No automatic Tab cycling

Unlike the web, OpenTUI does not cycle focus on Tab for you. You decide the order and which key advances it — see Building Tab navigation below. This is more code, but it gives you full control over how navigation feels.

Making an element focusable

Any element joins the focus system just by being focusable. Interactive components (<Input>, <Select>) already are; opt a container in with <Box :focusable="true" />. Once focusable, an element can be focused imperatively through its backing renderable — grab it with a template ref and call focus() / blur():

vue
<script setup lang="ts">
import { Box, Text, computed, shallowRef, useCurrentFocusedElement } from 'vue-termui'

// The backing OpenTUI renderable. Bound to a host `<tui-box>` the ref receives the
// renderable directly; bound to the `<Box>` component, unwrap its `$el`.
const el = shallowRef<any>(null)
const currentFocused = useCurrentFocusedElement()
const focused = computed(() => !!el.value && currentFocused.value === el.value)

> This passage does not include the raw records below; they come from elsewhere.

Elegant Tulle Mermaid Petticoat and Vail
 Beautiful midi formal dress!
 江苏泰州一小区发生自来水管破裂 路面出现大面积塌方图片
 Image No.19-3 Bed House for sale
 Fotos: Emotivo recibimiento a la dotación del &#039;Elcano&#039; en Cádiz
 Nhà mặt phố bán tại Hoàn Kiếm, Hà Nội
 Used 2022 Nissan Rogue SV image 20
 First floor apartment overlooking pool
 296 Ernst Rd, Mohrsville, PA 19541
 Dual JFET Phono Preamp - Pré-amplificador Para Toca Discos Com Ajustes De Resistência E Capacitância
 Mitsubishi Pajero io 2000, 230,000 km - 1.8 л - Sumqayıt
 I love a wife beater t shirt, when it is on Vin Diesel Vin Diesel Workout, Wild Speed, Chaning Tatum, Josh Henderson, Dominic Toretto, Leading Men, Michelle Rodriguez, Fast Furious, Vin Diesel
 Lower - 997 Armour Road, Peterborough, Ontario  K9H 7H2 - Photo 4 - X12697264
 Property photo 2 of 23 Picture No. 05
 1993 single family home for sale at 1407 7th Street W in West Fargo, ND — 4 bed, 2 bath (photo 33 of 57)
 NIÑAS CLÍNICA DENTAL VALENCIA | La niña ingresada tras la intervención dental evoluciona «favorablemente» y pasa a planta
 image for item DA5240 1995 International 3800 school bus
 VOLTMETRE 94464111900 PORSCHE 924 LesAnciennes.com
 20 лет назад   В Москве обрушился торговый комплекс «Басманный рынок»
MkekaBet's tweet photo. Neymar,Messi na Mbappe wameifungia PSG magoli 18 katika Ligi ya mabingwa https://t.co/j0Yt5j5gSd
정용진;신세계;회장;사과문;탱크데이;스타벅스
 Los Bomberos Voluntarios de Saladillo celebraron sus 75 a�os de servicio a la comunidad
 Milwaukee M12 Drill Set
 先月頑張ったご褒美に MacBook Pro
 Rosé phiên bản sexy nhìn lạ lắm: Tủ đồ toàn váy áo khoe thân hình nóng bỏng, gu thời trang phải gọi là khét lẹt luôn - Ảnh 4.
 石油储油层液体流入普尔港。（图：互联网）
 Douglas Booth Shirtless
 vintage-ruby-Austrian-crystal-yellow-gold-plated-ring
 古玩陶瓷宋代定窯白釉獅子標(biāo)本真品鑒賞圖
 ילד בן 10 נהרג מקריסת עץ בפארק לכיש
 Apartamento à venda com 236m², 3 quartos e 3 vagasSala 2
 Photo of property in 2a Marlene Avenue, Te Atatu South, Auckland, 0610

function setRef(instance: any) {
  el.value = instance?.$el ?? instance ?? null
}
</script>

<template>
  <Box :ref="setRef" focusable border :borderColor="focused ? '#42b883' : '#666666'" :padding="1">
    <Text>{{ focused ? 'focused' : 'not focused' }}</Text>
  </Box>
</template>

el.value.focus() gives the element focus and el.value.blur() removes it. focused stays in sync because useCurrentFocusedElement is reactive.

A common pattern is a reusable focusable item that exposes its controls to a parent:

vue
<!-- MenuItem.vue -->
<script setup lang="ts">
import { Box, Text, computed, shallowRef, useCurrentFocusedElement } from 'vue-termui'

defineProps<{ label: string }>()

const el = shallowRef<any>(null)
const currentFocused = useCurrentFocusedElement()
const focused = computed(() => !!el.value && currentFocused.value === el.value)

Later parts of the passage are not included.